◆ About this exercise: The output should hold exactly, and only, the lines from the line bearing "An additional feature" through the last line of the listing below, and no pictures.

◆ Given material:

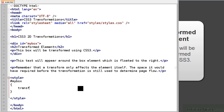Remember you'll also need to add the WebKit prefix to support all browsers, but I'll keep the code simple to illustrate the concepts. A scale of 1 means the same size as the original element, so 2 is twice the size and 0.5 is half the size. Here we've used 1.5, so it should be 50% larger than the original.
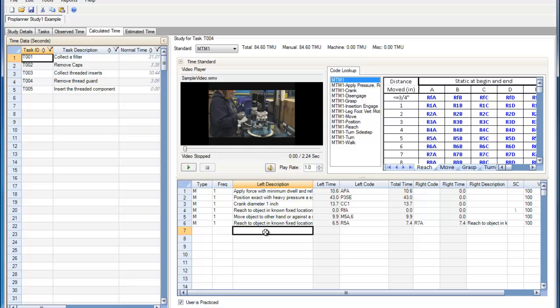An additional feature to take into account in the MTM-1 editor is the Is User Practiced checkbox. If this checkbox is checked, then the parser assumes that the users perform these elements multiple times on a daily basis. Thus, the operator would have significant skill in performing these tasks.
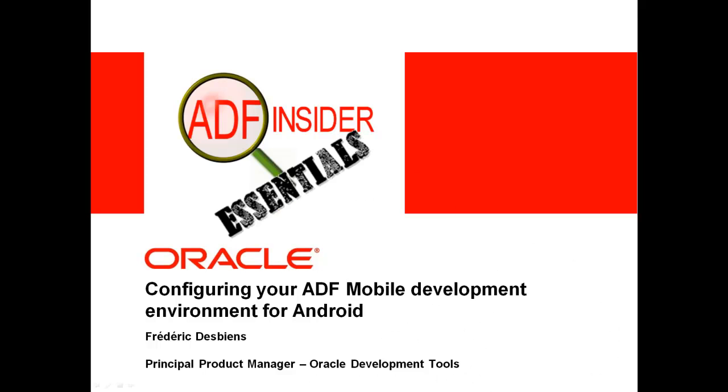Welcome to the ADF Insider Essentials series, which demonstrates the essential skills, tips, tricks, and techniques that you will require for building ADF applications.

◆ Written solution:
An additional feature to take into account in the MTM-1 editor is the Is User Practiced checkbox. If this checkbox is checked, then the parser assumes that the users perform these elements multiple times on a daily basis. Thus, the operator would have significant skill in performing these tasks.
Welcome to the ADF Insider Essentials series, which demonstrates the essential skills, tips, tricks, and techniques that you will require for building ADF applications.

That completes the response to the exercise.